Ketharaman Swaminathan
Ketharaman Swaminathan - GTM360 Marketing Solutions - Pune 01 July, 2015, 16:26Be the first to give this comment the thumbs up 0 likes

Having had a great experience with implementing Faster Payments at a Top 5 UK bank along side Accenture, I'm happy to see the emergence of third-party aggregators to spread FPS farther and wider! It's also intriguing that, seven years later, no other country has a similar 24/7/365 realtime retail payments system (or is there?).

A Finextra member
A Finextra member 02 July, 2015, 08:40Be the first to give this comment the thumbs up 0 likes

Jeremy, may I add a couple of contextual comments?

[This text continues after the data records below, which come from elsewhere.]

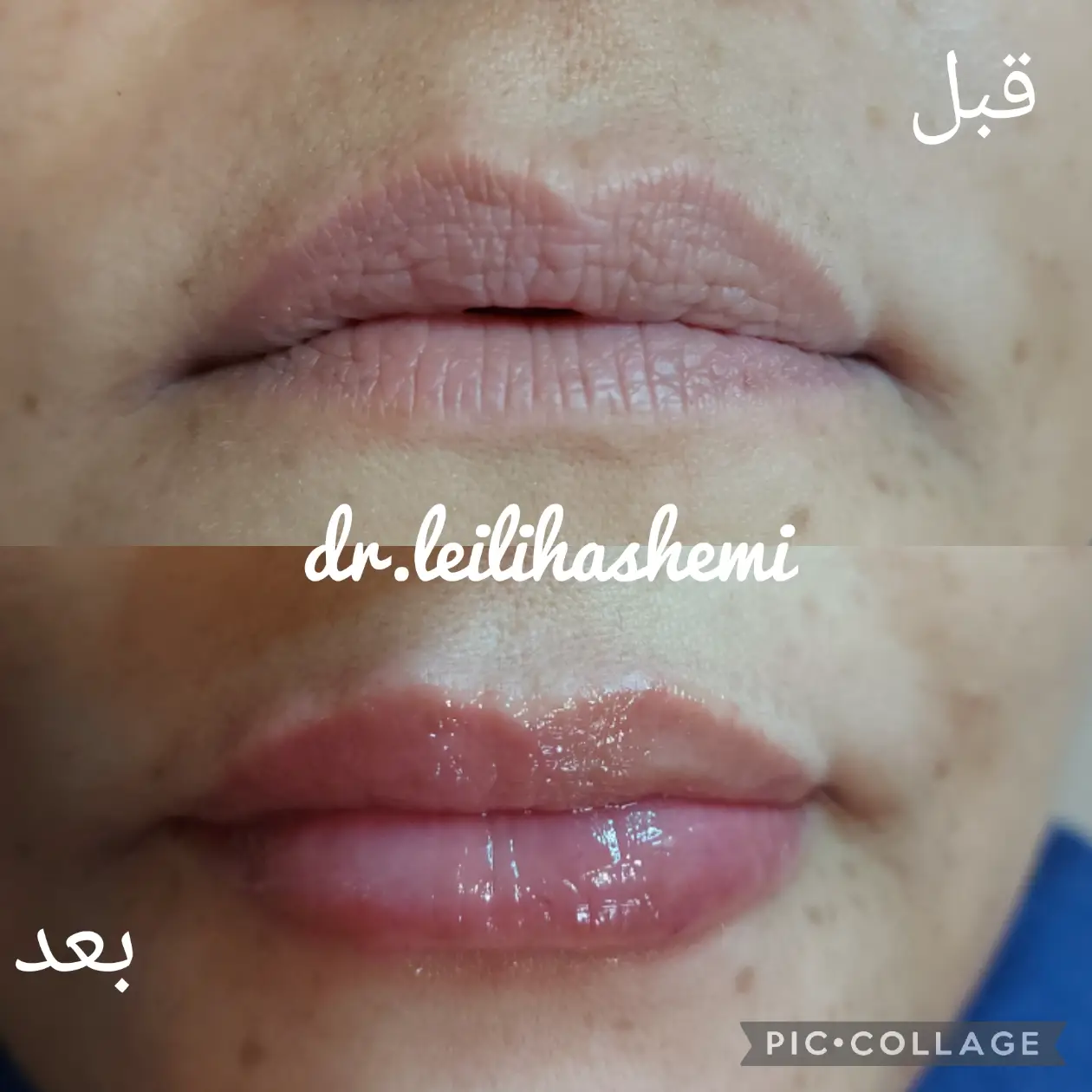 عکس قبل و بعد تزریق ژل لب در کلینیک دکتر لیلی هاشمی (6)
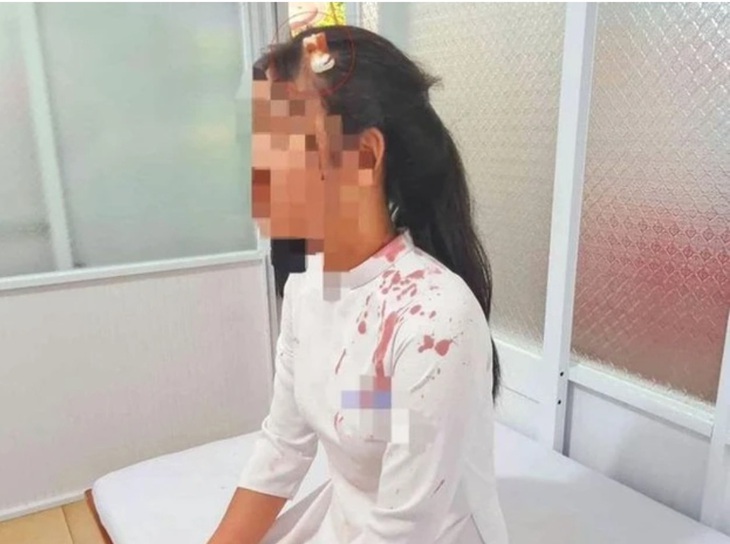 Đâu là nguyên nhân khiến bạo lực học đường không giảm? - Ảnh 1. Đâu là nguyên nhân khiến bạo lực học đường không giảm? - Ảnh 1.
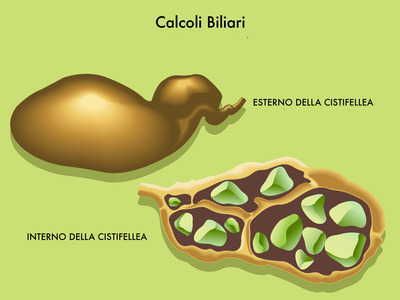 Calcoli biliari le 5 F dei fattori di rischio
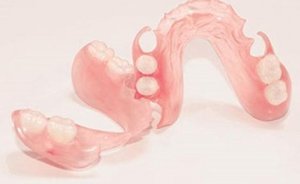 Недостатки нейлоновых зубных протезов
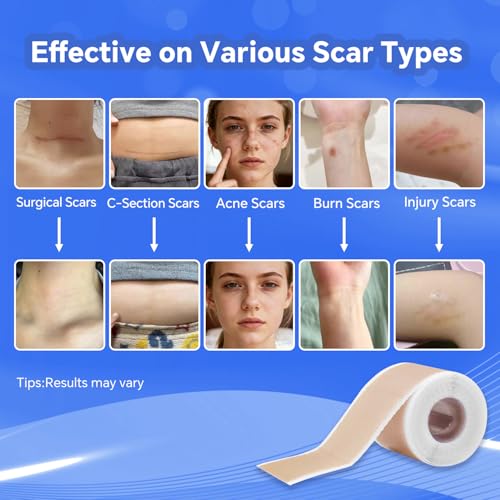 Professional Silicone Scar Sheets, Silicone Scar Tape, Silicone Scar Patch, Reusable Scar Silicone Strips (1.5M)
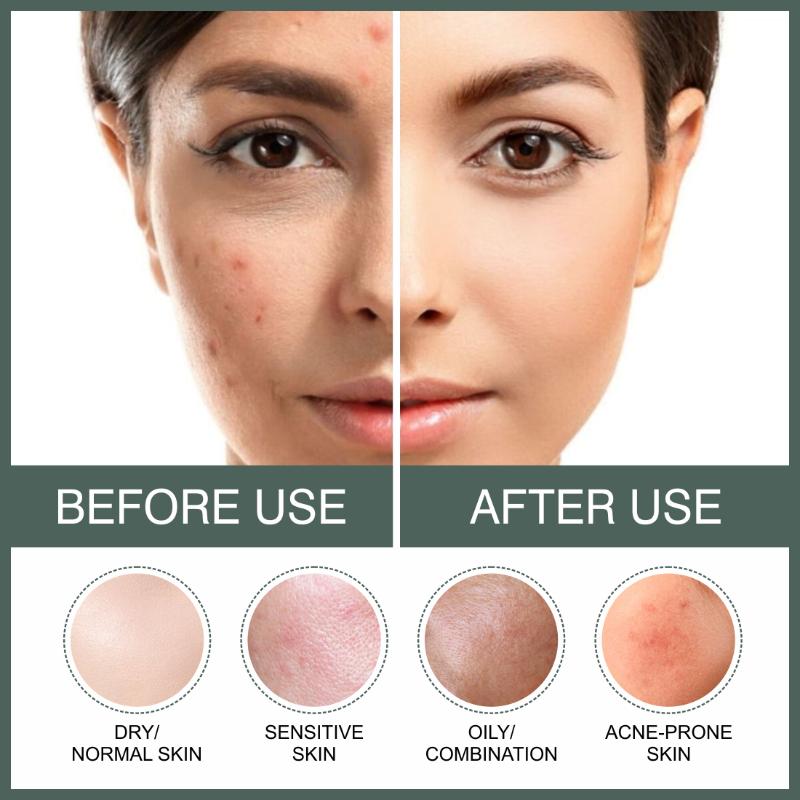 2% Salicylic Acid Serum For Face For Active Acne
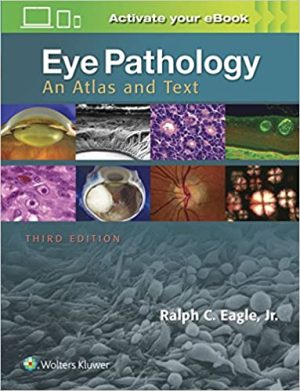 Eye Pathology An Atlas and Text 3rd Ed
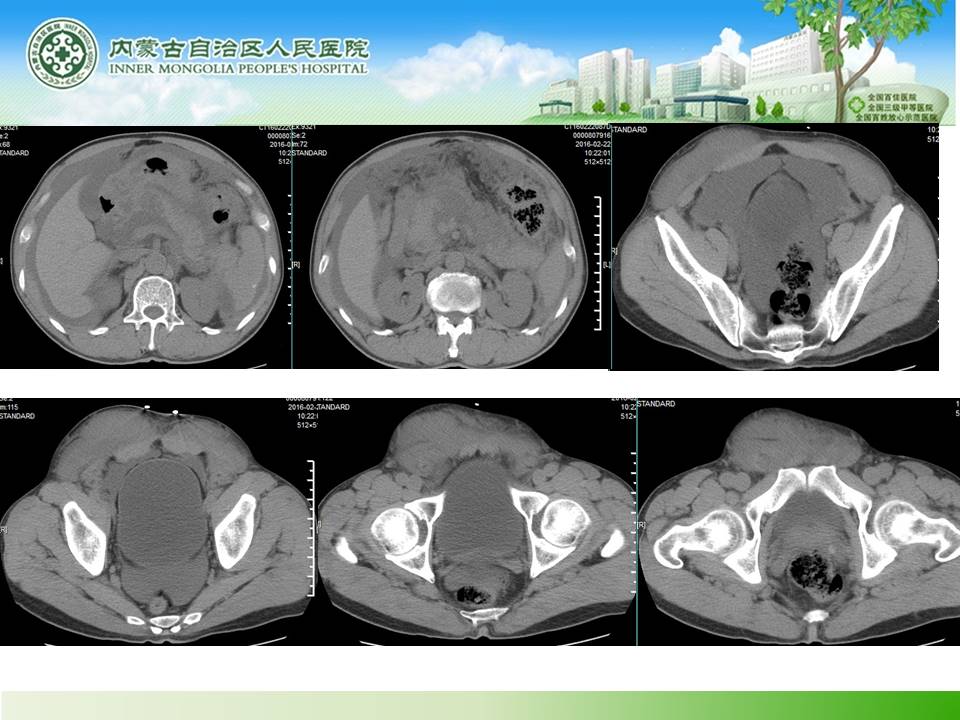 【病例】腹壁腹膜间皮瘤1例CT
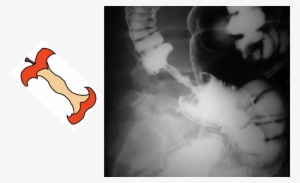 Colorectal Cancer Barium Enema #3552084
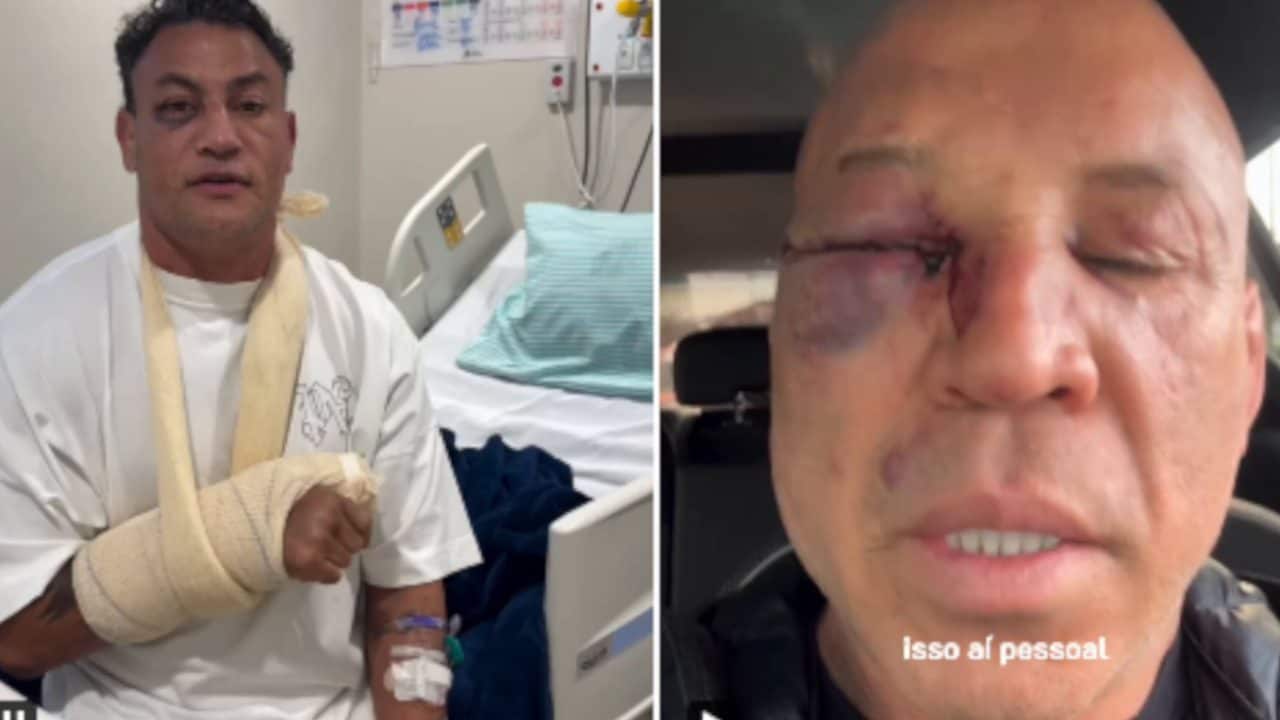 Le conseguenze della rissa su Freitas e Silva a margine dell’evento–esibizione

Not to wish to take anything from FP as an acct-acct service - it's a huge achievement - but it seems incongruous for FP to claim to be the world leader in realtime patyments, and the mantle for delivering 'the customer proposition – real-time payments need to be guaranteed real-time (at least <5 s), available 24x365 and give real-time confirmation to the sender'. Card payments have being doing that for decades; and were about 61% of total non-cash trns globally in 2012, with debit card transactions growing at 13% and credit cards at 10%. In the cards model ubiquity and reach are all-important in payments; bring on ApplePay, further growth seems probable...

Of course the card model separates the user experience from the settlement experience....whereas FP....?

2. Lowering barriers for challenger banks and PSPs to access FP is good, but of course those providers also need a bank account with a primary participant. Many authorised & regulated PSPs struggle to get bank accounts, for reasons well covered elsewhere. Absent bank accounts, PSPs aren't going to be able to help drive the growth of  FP.